Оригинальность, умение видеть и показывать другим нечто новое – сами по себе редкость, но и для оригинального, для нового освещения жизни необходимы предшественники. Разница между умом оригинальным и неоригинальным та, что первый не останавливается сразу только на том, что указали ему предшественники его в области мысли, но ищет уже прямо в жизни чего-то еще иного, и не только ищет, но и находит его. Напротив того, человек неоригинальный, наблюдатель без творчества, удовлетворяется – если не на всю жизнь, то надолго – чужим освещением явлений, чужим мировоззрением, усвояя его себе иногда до такой глубины и силы, что и жизнью за эту чужую (по происхождению) мысль иногда жертвует.
Робеспьер был несравненно сильнее волей и духом, чем Ж.-Ж. Руссо, ибо он жил его мыслями.

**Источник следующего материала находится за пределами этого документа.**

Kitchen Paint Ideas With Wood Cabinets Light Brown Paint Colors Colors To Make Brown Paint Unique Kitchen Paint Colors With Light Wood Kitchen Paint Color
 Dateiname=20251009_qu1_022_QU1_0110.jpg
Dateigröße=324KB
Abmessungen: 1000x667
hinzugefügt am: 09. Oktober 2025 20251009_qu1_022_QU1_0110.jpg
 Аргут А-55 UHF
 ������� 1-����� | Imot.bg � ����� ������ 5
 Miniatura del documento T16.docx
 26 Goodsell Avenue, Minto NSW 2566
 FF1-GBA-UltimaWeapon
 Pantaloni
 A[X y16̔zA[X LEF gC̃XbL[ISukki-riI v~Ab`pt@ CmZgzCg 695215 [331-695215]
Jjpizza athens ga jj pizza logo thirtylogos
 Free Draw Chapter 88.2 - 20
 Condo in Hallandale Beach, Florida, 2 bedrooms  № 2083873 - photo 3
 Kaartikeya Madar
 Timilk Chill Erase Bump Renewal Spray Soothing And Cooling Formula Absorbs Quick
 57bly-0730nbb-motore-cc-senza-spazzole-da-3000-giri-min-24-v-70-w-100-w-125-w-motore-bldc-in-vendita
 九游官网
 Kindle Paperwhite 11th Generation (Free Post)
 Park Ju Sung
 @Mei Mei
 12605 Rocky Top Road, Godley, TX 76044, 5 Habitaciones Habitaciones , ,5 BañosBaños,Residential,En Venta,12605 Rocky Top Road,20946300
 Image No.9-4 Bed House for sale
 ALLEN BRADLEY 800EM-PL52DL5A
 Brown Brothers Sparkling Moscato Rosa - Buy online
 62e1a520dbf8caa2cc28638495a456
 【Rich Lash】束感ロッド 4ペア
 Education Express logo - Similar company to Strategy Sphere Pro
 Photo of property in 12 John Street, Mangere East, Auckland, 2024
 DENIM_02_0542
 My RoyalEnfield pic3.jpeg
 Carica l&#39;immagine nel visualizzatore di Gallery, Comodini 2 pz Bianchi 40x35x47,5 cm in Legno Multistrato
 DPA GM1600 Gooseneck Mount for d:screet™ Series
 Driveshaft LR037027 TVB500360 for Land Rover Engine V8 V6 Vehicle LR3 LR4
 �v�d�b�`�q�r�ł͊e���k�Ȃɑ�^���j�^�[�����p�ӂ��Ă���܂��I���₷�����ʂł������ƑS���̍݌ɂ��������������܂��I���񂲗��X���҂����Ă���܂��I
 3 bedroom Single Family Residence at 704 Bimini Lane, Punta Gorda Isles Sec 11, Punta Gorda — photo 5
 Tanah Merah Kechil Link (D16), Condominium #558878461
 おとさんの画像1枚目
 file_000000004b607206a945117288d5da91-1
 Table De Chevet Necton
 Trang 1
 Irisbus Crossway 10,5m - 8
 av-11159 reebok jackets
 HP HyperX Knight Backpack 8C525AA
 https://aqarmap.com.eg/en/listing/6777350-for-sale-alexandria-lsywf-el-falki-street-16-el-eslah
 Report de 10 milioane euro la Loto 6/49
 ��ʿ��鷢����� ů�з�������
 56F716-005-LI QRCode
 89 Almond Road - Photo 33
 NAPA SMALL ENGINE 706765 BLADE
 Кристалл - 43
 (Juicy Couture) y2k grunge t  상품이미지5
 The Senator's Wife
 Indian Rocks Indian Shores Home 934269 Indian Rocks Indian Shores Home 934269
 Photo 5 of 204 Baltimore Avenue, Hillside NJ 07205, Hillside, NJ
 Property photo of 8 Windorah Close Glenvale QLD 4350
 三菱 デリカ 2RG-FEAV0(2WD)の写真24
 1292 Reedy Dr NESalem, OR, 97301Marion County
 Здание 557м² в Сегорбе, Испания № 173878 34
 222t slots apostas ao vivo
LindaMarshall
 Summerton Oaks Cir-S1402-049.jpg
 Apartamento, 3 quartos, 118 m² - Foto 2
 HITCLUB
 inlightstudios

В литературе это особенно заметно, и мы видим часто, что люди, весьма твердые характером, самобытные волей, оригинальные, пожалуй и независимые в жизни, являются литераторами вовсе не оригинальными, слабыми, почти вполне подчиненными своим знаменитым предшественникам и во взглядах, и в выборе сюжетов и лиц, и даже в языке и внешнем стиле.
Совсем других, не тронутых еще характеров, иных, новых, вовсе не виданных у других авторов положений они в жизни или совсем не замечают (так, как я долго не замечал голубых колец на зыби); или хоть и видят их кое-как, но не смеют и не умеют их изобразить.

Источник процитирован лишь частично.